== Available data ==

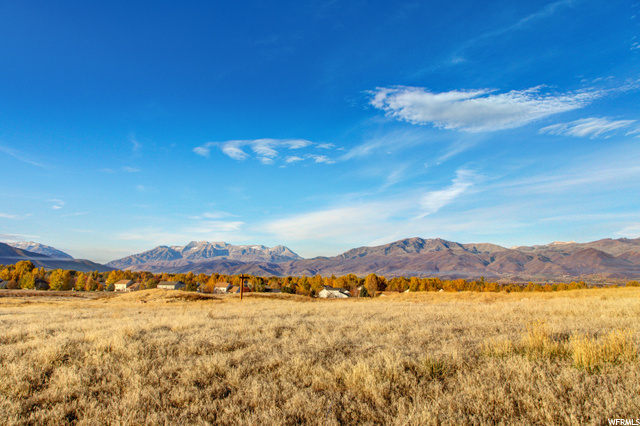 330 N Haystack Dr #22, Heber City, UT 84032 — photo 5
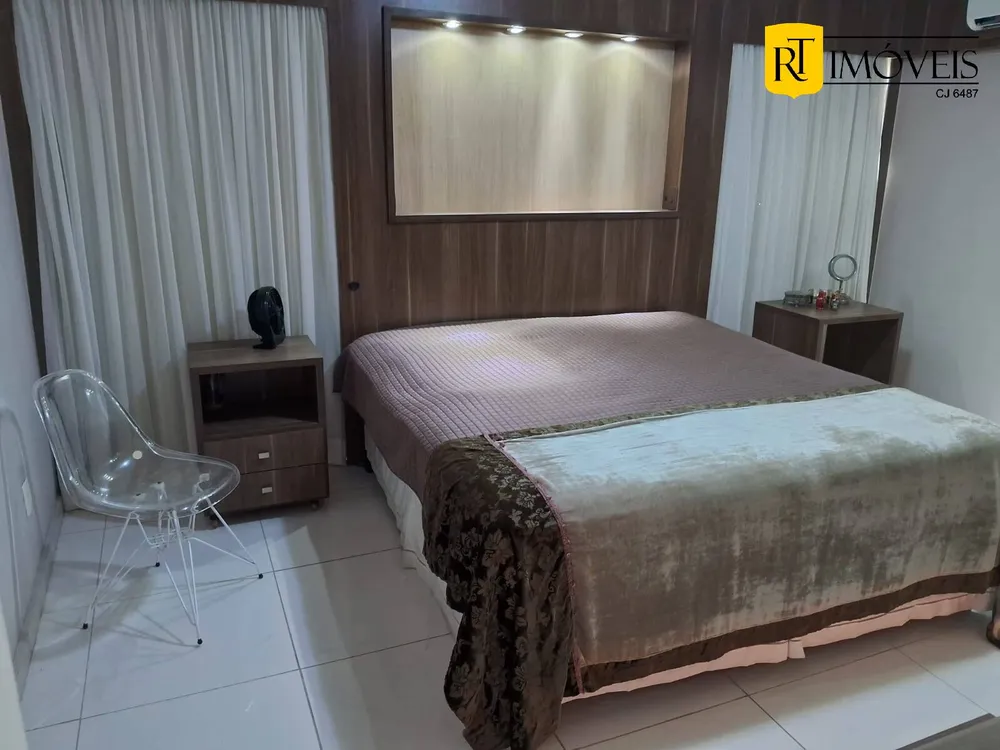Cobertura, 4 quartos, 465 m² - Foto 38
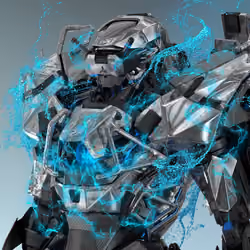 GRAYCRAFT #4239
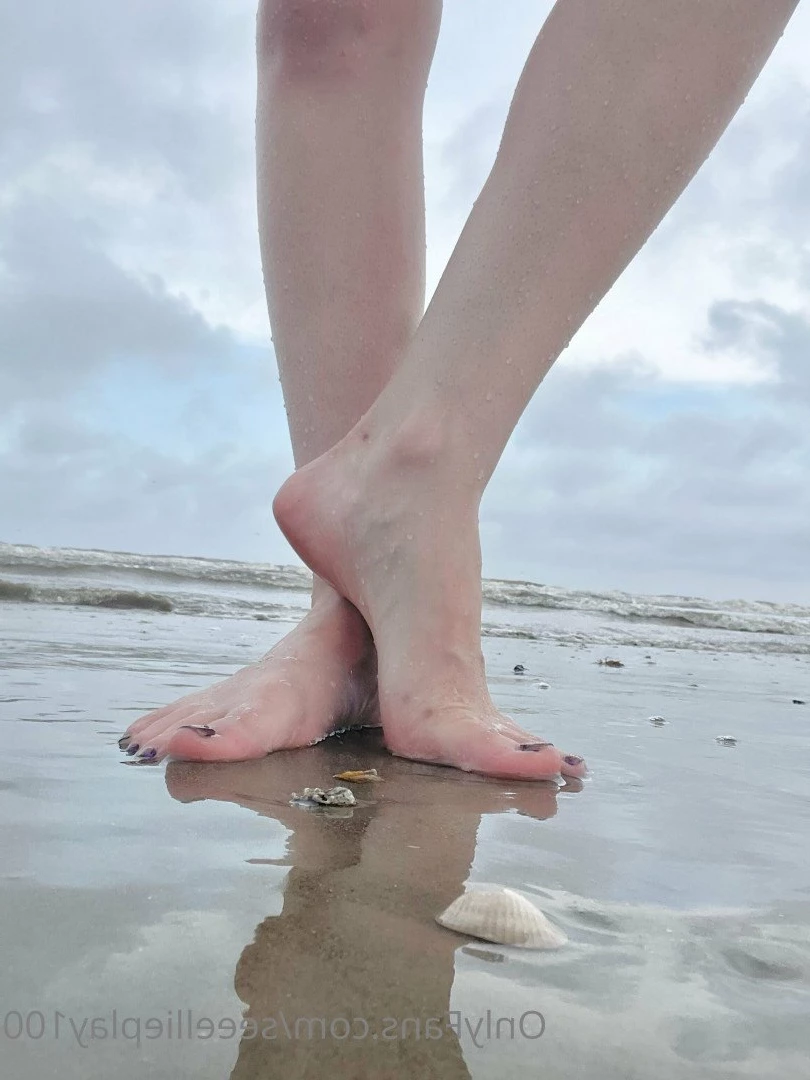 Ellie • Free • [ seeellieplay100 ] Onlyfans leaked photo 5266263 on Hotleaks.tv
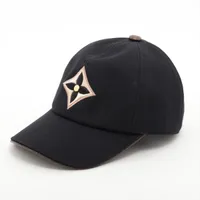ヴィトン キャップ LV デー M77807 コットン キャップ AL0223
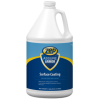 Assure Armor Surface Coating - 1 Gallon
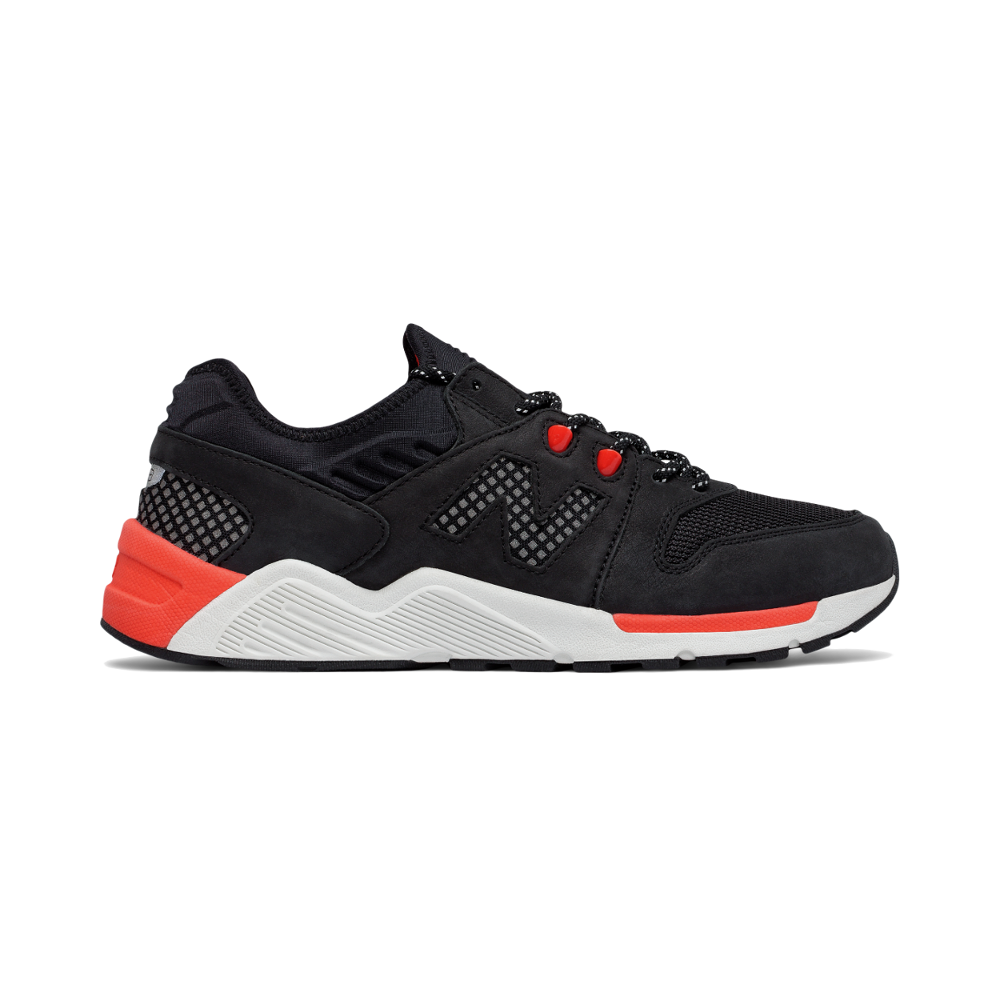 New Balance ML009HV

===

- Exercise aim:
Only the text is to be copied: please reproduce the records exactly and drop the pictures.

- Task answer:
 330 N Haystack Dr #22, Heber City, UT 84032 — photo 5
Cobertura, 4 quartos, 465 m² - Foto 38
 GRAYCRAFT #4239
 Ellie • Free • [ seeellieplay100 ] Onlyfans leaked photo 5266263 on Hotleaks.tv
ヴィトン キャップ LV デー M77807 コットン キャップ AL0223
 Assure Armor Surface Coating - 1 Gallon
 New Balance ML009HV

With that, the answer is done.